The problem:
The expected answer is all of the entries, written out exactly.

[Short web captions]

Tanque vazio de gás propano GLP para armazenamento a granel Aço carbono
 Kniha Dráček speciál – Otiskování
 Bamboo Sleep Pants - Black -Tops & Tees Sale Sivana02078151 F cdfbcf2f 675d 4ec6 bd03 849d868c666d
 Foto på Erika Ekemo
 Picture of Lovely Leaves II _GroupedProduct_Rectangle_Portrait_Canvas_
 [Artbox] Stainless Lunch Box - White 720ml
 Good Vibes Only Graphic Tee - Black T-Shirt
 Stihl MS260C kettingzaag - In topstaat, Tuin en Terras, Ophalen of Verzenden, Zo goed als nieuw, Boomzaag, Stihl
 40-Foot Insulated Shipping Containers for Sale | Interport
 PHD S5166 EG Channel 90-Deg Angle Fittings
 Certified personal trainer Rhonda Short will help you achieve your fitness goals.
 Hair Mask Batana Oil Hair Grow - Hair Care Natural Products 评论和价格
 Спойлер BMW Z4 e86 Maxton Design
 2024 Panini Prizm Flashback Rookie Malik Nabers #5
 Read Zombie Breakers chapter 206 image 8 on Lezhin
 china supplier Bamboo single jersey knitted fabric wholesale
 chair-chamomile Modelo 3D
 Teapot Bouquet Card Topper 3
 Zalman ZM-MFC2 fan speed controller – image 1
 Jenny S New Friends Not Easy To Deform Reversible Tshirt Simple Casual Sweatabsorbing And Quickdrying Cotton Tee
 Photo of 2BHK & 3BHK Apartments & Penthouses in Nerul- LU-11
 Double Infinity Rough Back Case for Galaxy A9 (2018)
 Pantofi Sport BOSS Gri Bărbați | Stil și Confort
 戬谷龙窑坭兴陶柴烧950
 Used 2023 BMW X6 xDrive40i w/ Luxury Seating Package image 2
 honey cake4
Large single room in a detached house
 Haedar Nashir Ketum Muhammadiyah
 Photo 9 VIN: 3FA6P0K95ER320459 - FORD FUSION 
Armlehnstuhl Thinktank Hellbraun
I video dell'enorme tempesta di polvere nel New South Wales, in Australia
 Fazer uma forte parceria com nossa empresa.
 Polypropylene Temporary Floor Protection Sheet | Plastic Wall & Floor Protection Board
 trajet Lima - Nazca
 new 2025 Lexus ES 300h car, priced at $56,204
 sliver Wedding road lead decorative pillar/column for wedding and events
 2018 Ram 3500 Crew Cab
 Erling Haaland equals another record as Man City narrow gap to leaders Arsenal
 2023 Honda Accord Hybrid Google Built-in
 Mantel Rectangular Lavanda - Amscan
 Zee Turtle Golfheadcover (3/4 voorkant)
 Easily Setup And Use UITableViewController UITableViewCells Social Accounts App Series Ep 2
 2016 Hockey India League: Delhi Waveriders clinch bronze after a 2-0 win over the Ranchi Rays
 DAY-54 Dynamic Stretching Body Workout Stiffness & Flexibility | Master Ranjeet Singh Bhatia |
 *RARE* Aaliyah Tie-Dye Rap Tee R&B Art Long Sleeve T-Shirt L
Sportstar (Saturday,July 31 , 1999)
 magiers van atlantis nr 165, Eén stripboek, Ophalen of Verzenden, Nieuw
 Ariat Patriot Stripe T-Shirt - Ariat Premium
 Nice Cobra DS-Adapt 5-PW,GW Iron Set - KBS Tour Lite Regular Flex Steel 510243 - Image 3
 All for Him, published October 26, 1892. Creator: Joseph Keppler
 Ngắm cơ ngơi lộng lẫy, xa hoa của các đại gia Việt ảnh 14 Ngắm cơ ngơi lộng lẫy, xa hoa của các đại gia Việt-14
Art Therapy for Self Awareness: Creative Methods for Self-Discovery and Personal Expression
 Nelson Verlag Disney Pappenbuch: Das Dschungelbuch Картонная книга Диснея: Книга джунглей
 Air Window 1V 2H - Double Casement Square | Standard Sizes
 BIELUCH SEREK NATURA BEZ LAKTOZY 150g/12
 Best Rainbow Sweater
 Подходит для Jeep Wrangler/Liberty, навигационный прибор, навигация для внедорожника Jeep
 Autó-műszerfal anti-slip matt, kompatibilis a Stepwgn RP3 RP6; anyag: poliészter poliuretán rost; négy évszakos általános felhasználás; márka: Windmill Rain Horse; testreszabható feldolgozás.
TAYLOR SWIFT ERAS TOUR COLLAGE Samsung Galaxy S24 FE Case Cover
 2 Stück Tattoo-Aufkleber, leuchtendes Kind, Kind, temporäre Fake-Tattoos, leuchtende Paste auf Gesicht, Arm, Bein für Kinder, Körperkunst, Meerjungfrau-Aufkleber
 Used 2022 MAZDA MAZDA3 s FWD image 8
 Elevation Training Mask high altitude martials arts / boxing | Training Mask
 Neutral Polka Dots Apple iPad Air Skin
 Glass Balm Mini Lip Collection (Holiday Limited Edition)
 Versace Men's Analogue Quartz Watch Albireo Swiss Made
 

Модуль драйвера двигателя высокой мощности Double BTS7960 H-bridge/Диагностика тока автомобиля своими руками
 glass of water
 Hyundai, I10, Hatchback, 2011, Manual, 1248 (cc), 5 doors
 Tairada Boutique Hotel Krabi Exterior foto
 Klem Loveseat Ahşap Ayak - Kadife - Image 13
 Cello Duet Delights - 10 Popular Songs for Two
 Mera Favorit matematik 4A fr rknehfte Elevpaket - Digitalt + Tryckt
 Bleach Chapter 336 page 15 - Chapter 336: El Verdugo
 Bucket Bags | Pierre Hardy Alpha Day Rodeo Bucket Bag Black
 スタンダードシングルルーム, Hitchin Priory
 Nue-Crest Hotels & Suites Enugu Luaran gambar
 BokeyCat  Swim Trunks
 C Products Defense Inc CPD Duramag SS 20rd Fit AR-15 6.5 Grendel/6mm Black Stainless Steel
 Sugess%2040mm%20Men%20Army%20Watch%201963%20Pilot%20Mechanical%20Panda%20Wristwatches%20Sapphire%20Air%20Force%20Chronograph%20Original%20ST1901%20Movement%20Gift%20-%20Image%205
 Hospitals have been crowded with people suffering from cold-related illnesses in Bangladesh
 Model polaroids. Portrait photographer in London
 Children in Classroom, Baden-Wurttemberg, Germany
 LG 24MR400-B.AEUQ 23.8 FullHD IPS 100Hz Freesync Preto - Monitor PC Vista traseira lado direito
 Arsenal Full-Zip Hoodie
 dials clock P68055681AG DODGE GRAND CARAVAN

Solved exercise:
Tanque vazio de gás propano GLP para armazenamento a granel Aço carbono
 Kniha Dráček speciál – Otiskování
 Bamboo Sleep Pants - Black -Tops & Tees Sale Sivana02078151 F cdfbcf2f 675d 4ec6 bd03 849d868c666d
 Foto på Erika Ekemo
 Picture of Lovely Leaves II _GroupedProduct_Rectangle_Portrait_Canvas_
 [Artbox] Stainless Lunch Box - White 720ml
 Good Vibes Only Graphic Tee - Black T-Shirt
 Stihl MS260C kettingzaag - In topstaat, Tuin en Terras, Ophalen of Verzenden, Zo goed als nieuw, Boomzaag, Stihl
 40-Foot Insulated Shipping Containers for Sale | Interport
 PHD S5166 EG Channel 90-Deg Angle Fittings
 Certified personal trainer Rhonda Short will help you achieve your fitness goals.
 Hair Mask Batana Oil Hair Grow - Hair Care Natural Products 评论和价格
 Спойлер BMW Z4 e86 Maxton Design
 2024 Panini Prizm Flashback Rookie Malik Nabers #5
 Read Zombie Breakers chapter 206 image 8 on Lezhin
 china supplier Bamboo single jersey knitted fabric wholesale
 chair-chamomile Modelo 3D
 Teapot Bouquet Card Topper 3
 Zalman ZM-MFC2 fan speed controller – image 1
 Jenny S New Friends Not Easy To Deform Reversible Tshirt Simple Casual Sweatabsorbing And Quickdrying Cotton Tee
 Photo of 2BHK & 3BHK Apartments & Penthouses in Nerul- LU-11
 Double Infinity Rough Back Case for Galaxy A9 (2018)
 Pantofi Sport BOSS Gri Bărbați | Stil și Confort
 戬谷龙窑坭兴陶柴烧950
 Used 2023 BMW X6 xDrive40i w/ Luxury Seating Package image 2
 honey cake4
Large single room in a detached house
 Haedar Nashir Ketum Muhammadiyah
 Photo 9 VIN: 3FA6P0K95ER320459 - FORD FUSION 
Armlehnstuhl Thinktank Hellbraun
I video dell'enorme tempesta di polvere nel New South Wales, in Australia
 Fazer uma forte parceria com nossa empresa.
 Polypropylene Temporary Floor Protection Sheet | Plastic Wall & Floor Protection Board
 trajet Lima - Nazca
 new 2025 Lexus ES 300h car, priced at $56,204
 sliver Wedding road lead decorative pillar/column for wedding and events
 2018 Ram 3500 Crew Cab
 Erling Haaland equals another record as Man City narrow gap to leaders Arsenal
 2023 Honda Accord Hybrid Google Built-in
 Mantel Rectangular Lavanda - Amscan
 Zee Turtle Golfheadcover (3/4 voorkant)
 Easily Setup And Use UITableViewController UITableViewCells Social Accounts App Series Ep 2
 2016 Hockey India League: Delhi Waveriders clinch bronze after a 2-0 win over the Ranchi Rays
 DAY-54 Dynamic Stretching Body Workout Stiffness & Flexibility | Master Ranjeet Singh Bhatia |
 *RARE* Aaliyah Tie-Dye Rap Tee R&B Art Long Sleeve T-Shirt L
Sportstar (Saturday,July 31 , 1999)
 magiers van atlantis nr 165, Eén stripboek, Ophalen of Verzenden, Nieuw
 Ariat Patriot Stripe T-Shirt - Ariat Premium
 Nice Cobra DS-Adapt 5-PW,GW Iron Set - KBS Tour Lite Regular Flex Steel 510243 - Image 3
 All for Him, published October 26, 1892. Creator: Joseph Keppler
 Ngắm cơ ngơi lộng lẫy, xa hoa của các đại gia Việt ảnh 14 Ngắm cơ ngơi lộng lẫy, xa hoa của các đại gia Việt-14
Art Therapy for Self Awareness: Creative Methods for Self-Discovery and Personal Expression
 Nelson Verlag Disney Pappenbuch: Das Dschungelbuch Картонная книга Диснея: Книга джунглей
 Air Window 1V 2H - Double Casement Square | Standard Sizes
 BIELUCH SEREK NATURA BEZ LAKTOZY 150g/12
 Best Rainbow Sweater
 Подходит для Jeep Wrangler/Liberty, навигационный прибор, навигация для внедорожника Jeep
 Autó-műszerfal anti-slip matt, kompatibilis a Stepwgn RP3 RP6; anyag: poliészter poliuretán rost; négy évszakos általános felhasználás; márka: Windmill Rain Horse; testreszabható feldolgozás.
TAYLOR SWIFT ERAS TOUR COLLAGE Samsung Galaxy S24 FE Case Cover
 2 Stück Tattoo-Aufkleber, leuchtendes Kind, Kind, temporäre Fake-Tattoos, leuchtende Paste auf Gesicht, Arm, Bein für Kinder, Körperkunst, Meerjungfrau-Aufkleber
 Used 2022 MAZDA MAZDA3 s FWD image 8
 Elevation Training Mask high altitude martials arts / boxing | Training Mask
 Neutral Polka Dots Apple iPad Air Skin
 Glass Balm Mini Lip Collection (Holiday Limited Edition)
 Versace Men's Analogue Quartz Watch Albireo Swiss Made
 

Модуль драйвера двигателя высокой мощности Double BTS7960 H-bridge/Диагностика тока автомобиля своими руками
 glass of water
 Hyundai, I10, Hatchback, 2011, Manual, 1248 (cc), 5 doors
 Tairada Boutique Hotel Krabi Exterior foto
 Klem Loveseat Ahşap Ayak - Kadife - Image 13
 Cello Duet Delights - 10 Popular Songs for Two
 Mera Favorit matematik 4A fr rknehfte Elevpaket - Digitalt + Tryckt
 Bleach Chapter 336 page 15 - Chapter 336: El Verdugo
 Bucket Bags | Pierre Hardy Alpha Day Rodeo Bucket Bag Black
 スタンダードシングルルーム, Hitchin Priory
 Nue-Crest Hotels & Suites Enugu Luaran gambar
 BokeyCat  Swim Trunks
 C Products Defense Inc CPD Duramag SS 20rd Fit AR-15 6.5 Grendel/6mm Black Stainless Steel
 Sugess%2040mm%20Men%20Army%20Watch%201963%20Pilot%20Mechanical%20Panda%20Wristwatches%20Sapphire%20Air%20Force%20Chronograph%20Original%20ST1901%20Movement%20Gift%20-%20Image%205
 Hospitals have been crowded with people suffering from cold-related illnesses in Bangladesh
 Model polaroids. Portrait photographer in London
 Children in Classroom, Baden-Wurttemberg, Germany
 LG 24MR400-B.AEUQ 23.8 FullHD IPS 100Hz Freesync Preto - Monitor PC Vista traseira lado direito
 Arsenal Full-Zip Hoodie
 dials clock P68055681AG DODGE GRAND CARAVAN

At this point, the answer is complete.